The beginning of June marks the start of Black Music Month, an annual celebration created by Jimmy Carter on June 7, 1979. The month is a time to show appreciation for the musical influences of Black musicians, composers, and songwriters. We remind ourselves of those who dynamically have shaped and influenced the music industry, and everything that touches it — culture, art, fashion, beauty, fitness, lifestyle, and beyond. Without their influence, the music industry would not be where it is today. We remember the Black artists who are no longer with us, and we acknowledge the Black artists, creatives, leaders of today who continue to push boundaries, changing the way people listen, the way people think about, and engage with and experience music. We acknowledge our Black employees, who dedicate their being to creating a stronger music industry and world, supporting and working with a multitude of artists and labels to get their music out to fans globally.

Today–and everyday–we say, we see you, we hear you.

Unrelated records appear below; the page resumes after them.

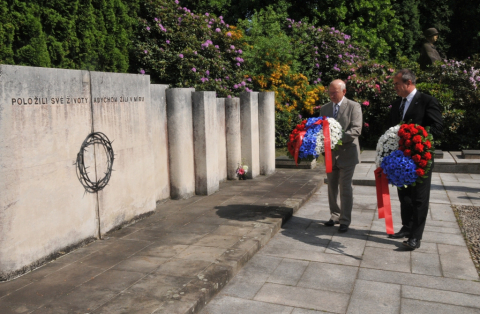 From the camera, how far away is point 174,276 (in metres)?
4.44

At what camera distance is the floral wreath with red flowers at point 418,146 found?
515 cm

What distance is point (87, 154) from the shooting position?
5402 millimetres

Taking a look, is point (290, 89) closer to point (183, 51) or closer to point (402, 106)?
point (183, 51)

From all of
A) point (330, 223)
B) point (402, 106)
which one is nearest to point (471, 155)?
point (330, 223)

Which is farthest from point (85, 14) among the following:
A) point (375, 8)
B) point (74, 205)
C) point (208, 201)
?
point (375, 8)

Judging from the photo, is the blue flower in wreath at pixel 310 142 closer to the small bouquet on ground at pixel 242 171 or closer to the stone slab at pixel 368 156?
the small bouquet on ground at pixel 242 171

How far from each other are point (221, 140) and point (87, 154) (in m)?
4.00

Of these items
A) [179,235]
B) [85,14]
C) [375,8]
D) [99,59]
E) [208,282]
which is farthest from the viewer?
[375,8]

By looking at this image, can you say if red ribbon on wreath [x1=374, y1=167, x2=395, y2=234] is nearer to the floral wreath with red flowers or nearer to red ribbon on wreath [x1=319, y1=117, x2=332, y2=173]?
the floral wreath with red flowers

We stand with you. 

We will begin by sharing what the music industry can do today to take action.


Local and national organizations below and here need support to continue to mobilize and create a stronger future. 

Black Lives Matter

Official George Floyd Memorial Fund 

National Bail Fund Network 

Black Visions Collective

National Association for the Advancement of Colored People (NAACP)

Justice for Breonna Taylor

Official George Floyd GoFundMe

The Minnesota Freedom Fund has received a number of donations in recent days and urges those who would like to donate to consider these organizations instead.

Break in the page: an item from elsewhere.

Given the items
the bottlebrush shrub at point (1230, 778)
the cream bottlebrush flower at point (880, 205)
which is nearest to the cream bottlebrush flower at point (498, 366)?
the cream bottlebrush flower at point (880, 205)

Support the continued work of the National Museum of African American Music, so they can continue to share for generations to come the multitude of ways Black artists, musicians, songwriters, producers, and more, have shaped American music. Support The Smithsonian National Museum of African American History & Culture so the institute can continue to tell the nation’s story. 

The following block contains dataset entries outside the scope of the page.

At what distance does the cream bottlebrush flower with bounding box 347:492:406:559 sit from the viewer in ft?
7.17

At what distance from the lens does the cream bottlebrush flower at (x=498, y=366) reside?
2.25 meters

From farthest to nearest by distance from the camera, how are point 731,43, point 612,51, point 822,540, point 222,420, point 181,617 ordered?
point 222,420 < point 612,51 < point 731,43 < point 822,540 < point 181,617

For The Orchard and Sony Music employees, Sony Music will match your donation here.


Learn about important petitions through Color of Change. Color of Change “designs campaigns powerful enough to end practices that unfairly hold Black people back, and champion solutions that move us all forward.”


Text “JUSTICE” To 668366

Text “FLOYD” To 55156

Text “ENOUGH” To 55156


Call your lawmakers to make your voice heard and demand justice against police brutality. Learn here how to contact your local, state, and federal elected officials. 


Volunteer with Rock the Vote and emphasize to your friends and community the importance of using your voting rights. Register to vote and actively learn about candidates. Take part in local elections. They are equally important as taking part in national elections.